Unfortunately, we’re not seven anymore. Now, all I hear people talking about is “finding their passion.” Sure, I’m a senior, and I, like most of my peers, am graduating next year, and we’re all hoping we end up making a good living out of something we love. But then there’s the question of “How do we look for our passion?” “Where do we start?” Hearing all these questions made me wonder: Are we all really trying to look for our passion? Or are we trying to look for something that will be well-received and accepted?


Maybe you’ve already found your passion. You're probably just ignoring it. You’re awake 16 hours a day, sometimes probably 20 hours. Is there nothing that dominates your mind in these hours? Isn’t there some idea or topic that is going on inside your head (along with your missing assignments and your predicted score)? Doesn’t the same topic come up in conversations, occupy a significant amount of your free time, or float about in your search history? There must be a topic that dominates all these without you consciously acknowledging it.


Or maybe you’re just avoiding it. Maybe you’re thinking “Well, yeah I like painting and sketching, but I can’t make money out of it…”


Have you even tried?


That’s the problem. The problem is not a lack of passion for something, the problem is productivity. The problem is acceptance. The problem is “I’d love to do this, but this won’t get me a Bentley” or “Mom and Dad would kill me if I pursue stand-up comedy, they want me to be an engineer.”


You see, the problem is priorities.


Many of us have a tendency to prioritize doing a job that plainly sucks for social acceptance over doing something we love. Most of us want to live up to the expectations of our parents by going ahead and becoming an engineer, a lawyer, or a doctor, even if it means hating every second of our job.


So you need to know what you really prioritize, what you really want. Maybe you can go ahead and become a successful engineer, but also sign up for some gigs for stand-up comedy. Maybe you won’t earn as much, but you would be doing something you love as a hobby. Or maybe you can become an artist, let people laugh at your “non-lucrative” choice, then show your face to them after you’ve gained recognition and have a well-known gallery.  Or maybe it actually doesn’t work out for you, and you end up doing something else– but at least you gave it a shot.

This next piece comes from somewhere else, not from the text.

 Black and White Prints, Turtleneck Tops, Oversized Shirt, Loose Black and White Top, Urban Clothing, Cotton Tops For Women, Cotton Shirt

Your passion may be anything under the sun, but pursuing it depends on your priorities. So don’t go “looking” for a passion or asking “how” to start finding one. Your passion has already found you.

A 7-year-old doesn't look at the playground and ask “How do I look for fun?” She just goes ahead and has fun. No overthinking involved.


You already have something you love doing, don’t you? You know you do but you’re scared to admit it to others. But are you still planning on ignoring it?


The choice is yours.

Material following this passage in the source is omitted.